Allah bize çocuklarımızı koruyup kollamak ve beslemek için çok kuvvetli bir içgüdü bahşetmiştir. Mesela kadınların çoğu hamilelik döneminde kokulara karşı daha hassas olur; daha önceden hissetmeyeceği kokuları bile duyabilir. Bu hassasiyet, bebeklerine zarar verebilecek besinlere karşı güçlü bir kalkan gibidir. Koku duyusunun gelişmesiyle anne bebeğini bozuk yiyeceklerden, yanlış beslenmeden ve hastalıklardan koruyabilir.

Artık bir bebeğin annesi veya babası olduğunuzu anlamanız bebek beklediğinizi ilk öğrendiğinizde, bebeğinizi ultrasonda ilk kez gördüğünüzde veya bebeğinizle göz göze gelip de size ilk kez güldüğünde olabilir. Hayatınızdan artık hiç çıkmayacak olan bu analık-babalık hissi bilgi ile birleştiğinde çocuğunuz ve aynı zamanda çevreniz için daha iyi, daha güzel seçimler yapabileceksiniz.

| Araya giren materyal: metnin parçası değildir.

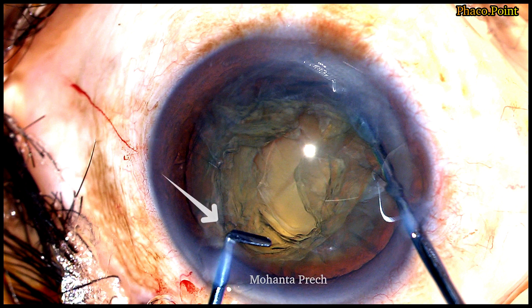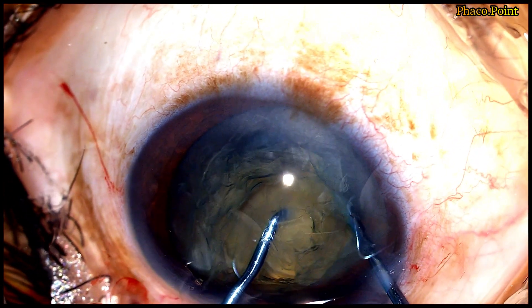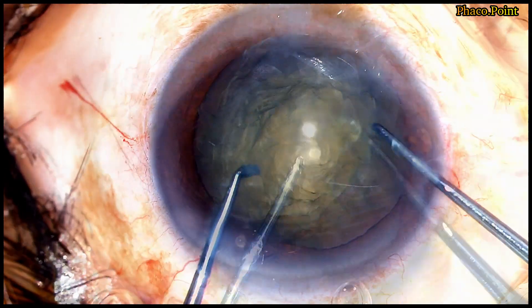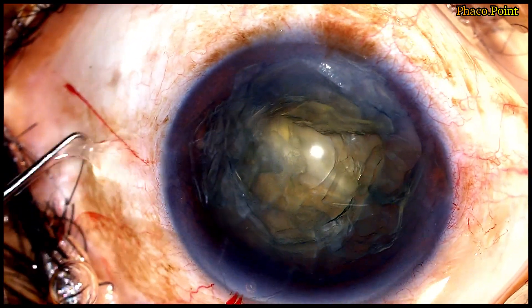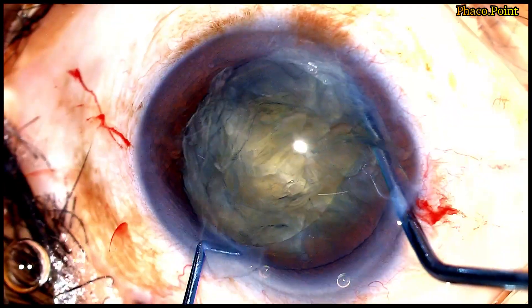The instrument on the left is the Mohanta pre-chopper. It has a sharp anterior edge and is approximately two millimeters long. The tip of the pre-chopper engages into the nucleus at a point exactly opposite the sustainer. The pre-chopper is then buried into the substance of the nucleus and both instruments are drawn towards each other, after which they are separated laterally, resulting in the successful division of the nucleus into two hemi nuclei. This is followed by rotation of the nucleus and the same pre-chopper is used in the exact same manner to further subdivide the hemi nucleus into two smaller fragments.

Ne demek istediğimizi biraz daha açalım. Bu kitapta çevrenin bebeğinizi nasıl etkilediğini ve bebek büyütürken yaptığınız tercihlerin çevreyi nasıl etkilediğini öğreneceksiniz. Günümüzde attığımız her adımın doğal yaşama etkisini çok daha iyi biliyoruz. Zehirli kimyasallardan korunma, daha az enerji kullanma, su tasarrufu gibi konularda çok daha bilinçliyiz. Elbette, bebeklerimizi büyütürken de çevrenin gönlünü almanın yolları var…

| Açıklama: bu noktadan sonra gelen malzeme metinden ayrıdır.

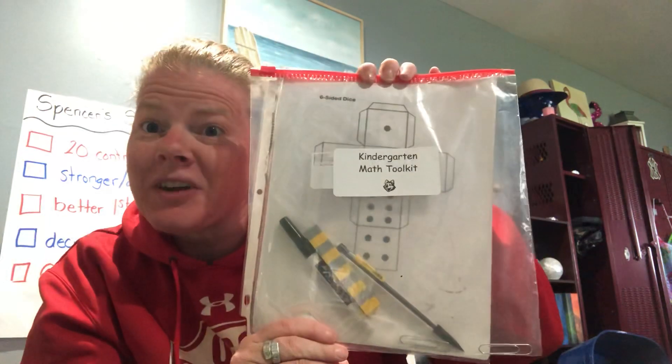Hey there Husky Pops, it's Mrs. Chamberlain and I have something cool for you. Now this isn't a math lesson, but on Wednesday during the lunch passouts at Washington West, this is an opportunity for all kindergarteners to go down and pick up a math tool kit.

Benim dört evladım var. Eşim Cheryl’le çocuklarımızı büyütürken yaşadığımız tecrübeler bize okumakla veya araştırmakla öğrenilemeyecek pek çok bilgi kazandırdı. Stanford Üniversitesi Tıp Fakültesi Packard Çocuk Hastanesi’ndeki 10 yılı aşkın çalışma hayatımda klinik deneyim, bilim ve teknolojinin doktorların ve ebeveynlerin seçimlerini nasıl etkilediğini gördüm. Artık ebeveynler çevremiz için faydalı olabilecek seçimler yapmaya başladılar. Aslında, çevremiz için iyi olan, çocuklarımız için de iyi oluyor…

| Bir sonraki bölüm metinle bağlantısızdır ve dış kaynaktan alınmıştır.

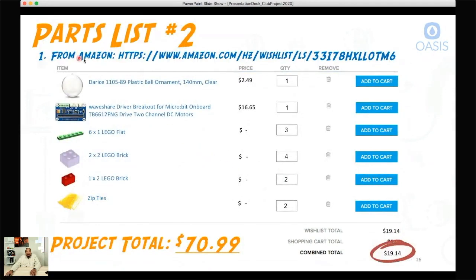The next place we got things from was Amazon. We need our plastic shell — it's really just like a ball ornament. If you've ever seen people make their own ornaments for Christmas, or a bath bomb mold — that's what we decided to use as our plastic shell. We also need this thing called a motor driver. This is what our micro:bit plugs into so that it can drive or move the motors. That's $16, and you can get a plastic shell for about $2. Everything from Amazon comes to about $19.14.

Bebek beslenmesinde, giyim kuşamında, odasının dekorasyonunda ve bebeklerle ilgili her konuda daha doğru seçimler yapmak isteyen dünyanın dört bir yanından insan Sağlıklı ve Çevreci Bebek Hareketi’ni oluşturdu. Benim de dahil olduğum bu kocaman grupta pediyatri uzmanları, bilim adamları, girişimciler, çiftçiler ve ebeveynler yer alıyor. Dilleri, dinleri, kültürleri birbirinden farklı bu insanların ortak bir buluşma noktası var. Bebekler için daha sağlıklı yiyecekler veya bilinen bir zararı olmayan güvenli günlük ürünler geliştiriyorlar. Grup olarak bilgilerimizi ve fikirlerimizi paylaşıyor; internette bilgi alışverişinde bulunuyor; toplantı ve konferanslara katılıyor ve web sayfaları hazırlıyoruz. (Her ay www.DrGreene. com web sitemizi bir milyondan fazla kişi ziyaret ediyor.)

Sağlıklı Bebek Yetiştirme Rehberi bu çalışmaların bir ürünü. Bu kitap anne babaların bebekleri için daha güvenli yiyecekler, giyecekler, mobilyalar ve oyuncaklar seçebileceği bir rehber niteliğinde. Hastalarıma, arkadaşlarıma ve aileme her zaman söylediğim bir şey var: “Tek başınıza sadece bebeğiniz ve yakın çevreniz için değil, çok daha geniş ölçekte bir fark yaratmanız mümkün.” Bilseniz çok şaşırırdınız.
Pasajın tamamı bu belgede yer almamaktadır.